Support SRS for geoparquet output
Hi would it be possible to support setting the SRS output for a parquet file so the JSON metadata->geo->crs key is populated?
I see this comment that looks promising and would provide a nice way to do it:
COPY (
SELECT ST_SetSRID(ST_Point(1434967.0, 15026561.0), 'epsg:2193')
) TO 'geotest.parquet'
WITH (
FORMAT 'PARQUET',
COMPRESSION zstd,
COMPRESSION_LEVEL 9,
ROW_GROUP_SIZE 500
);
or maybe an SRS explicit option:
COPY (
SELECT ST_Point(1434967.0, 15026561.0)
) TO 'geotest.parquet'
WITH (
FORMAT 'PARQUET',
COMPRESSION zstd,
COMPRESSION_LEVEL 9,
ROW_GROUP_SIZE 500,
SRS 'EPSG:2193',
);
Another option, which might be easier to implement, is to compile in support for the GDAL geoparquet driver. That driver already supports setting the CRS key in the JSON metadata of the parquet file.
COPY (
SELECT ST_SetSRID(ST_Point(1434967.0, 15026561.0), 'epsg:2193')
) TO 'geotest.parquet'
WITH (
FORMAT gdal,
DRIVER 'parquet',
LAYER_CREATION_OPTIONS ('WRITE_COVERING_BBOX=YES' , 'COMPRESSION=ZSTD')
SRS 'EPSG:2193',
);
Many thanks!
@Maxxen sorry to ask, do you have any view on this, or is it planned to be fixed in the roadmap?
Hello! Im currently overhauling how types work in general in DuckDB, and how the extension types and DuckDB GEOMETRY type works in particular, with the goal of being able to attach extra metadata (such as CRS) to a column, which will enable passing SRS/CRS information through and from external formats automatically. As soon as that is done I'll make sure it works for GeoParquet.
Oh wow. Very exciting. Thank you for the update.
Just adding a +1 that it would be great to have the CRS on the column metadata.
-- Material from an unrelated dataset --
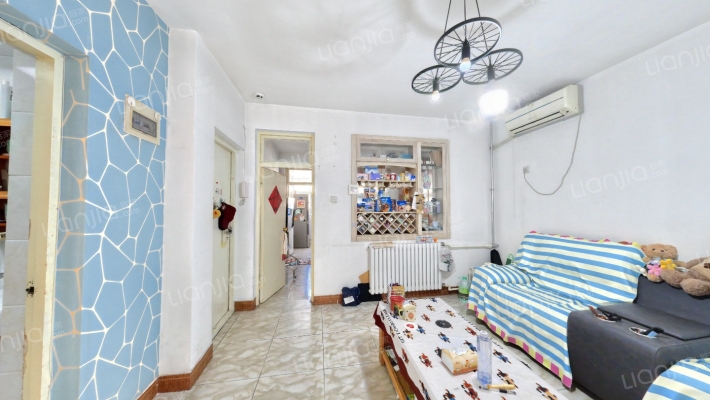 山东省地勘局东山宿舍二手房实景图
I want the data stored in its original crs but use st_transform(..., original, 'EPSG:3857') occasionally to visualize it. Currently I'm keeping track of the source_crs somewhere else, which is a bit of additional orchestration.
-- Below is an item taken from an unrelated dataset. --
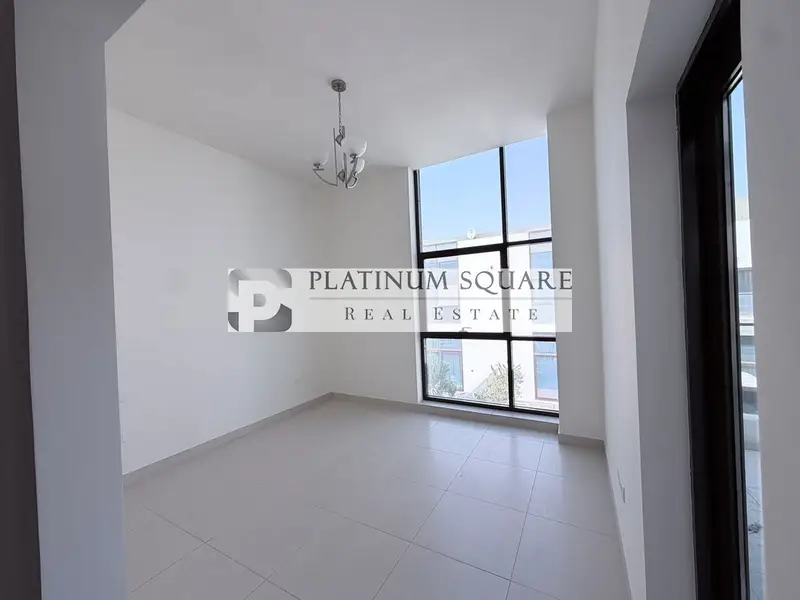 Villa 3BR + Maid | Prime Location I Vacant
This is planned to be resolved in DuckDB v1.5
It would be nice if ST_Read_Meta can support reading CRS from geoparquet, in addition to other vector formats like geojson, shapefile, gpkg.
con.sql("""
SELECT CONCAT(layers[1].geometry_fields[1].crs.auth_name, ':', layers[1].geometry_fields[1].crs.auth_code) AS crs_string
FROM ST_Read_Meta('earthquakes.parquet')
""").fetchone()[0]
'EPSG:4326'